◆ **Work instruction**
Could you repeat, word for word, only the lines from the one containing "Celebrity Engagement Ring" through the final line of the records below?

=-=-=-=-=

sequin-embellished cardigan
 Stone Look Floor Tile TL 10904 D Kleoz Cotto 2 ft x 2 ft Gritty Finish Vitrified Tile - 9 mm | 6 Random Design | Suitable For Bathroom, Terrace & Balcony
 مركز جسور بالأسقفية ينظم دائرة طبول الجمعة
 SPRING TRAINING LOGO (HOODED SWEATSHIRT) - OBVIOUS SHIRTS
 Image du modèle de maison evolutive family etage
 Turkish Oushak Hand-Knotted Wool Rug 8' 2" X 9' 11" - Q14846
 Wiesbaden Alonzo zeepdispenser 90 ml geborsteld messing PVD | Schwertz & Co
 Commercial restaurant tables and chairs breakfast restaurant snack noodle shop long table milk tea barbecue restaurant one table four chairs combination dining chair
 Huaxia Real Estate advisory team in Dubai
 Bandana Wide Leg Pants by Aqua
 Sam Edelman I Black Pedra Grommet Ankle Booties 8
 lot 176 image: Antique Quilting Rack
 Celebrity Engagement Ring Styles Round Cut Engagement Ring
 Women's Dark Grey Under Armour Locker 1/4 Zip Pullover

=-=-=-=-=

◆ **Task result**
 Celebrity Engagement Ring Styles Round Cut Engagement Ring
 Women's Dark Grey Under Armour Locker 1/4 Zip Pullover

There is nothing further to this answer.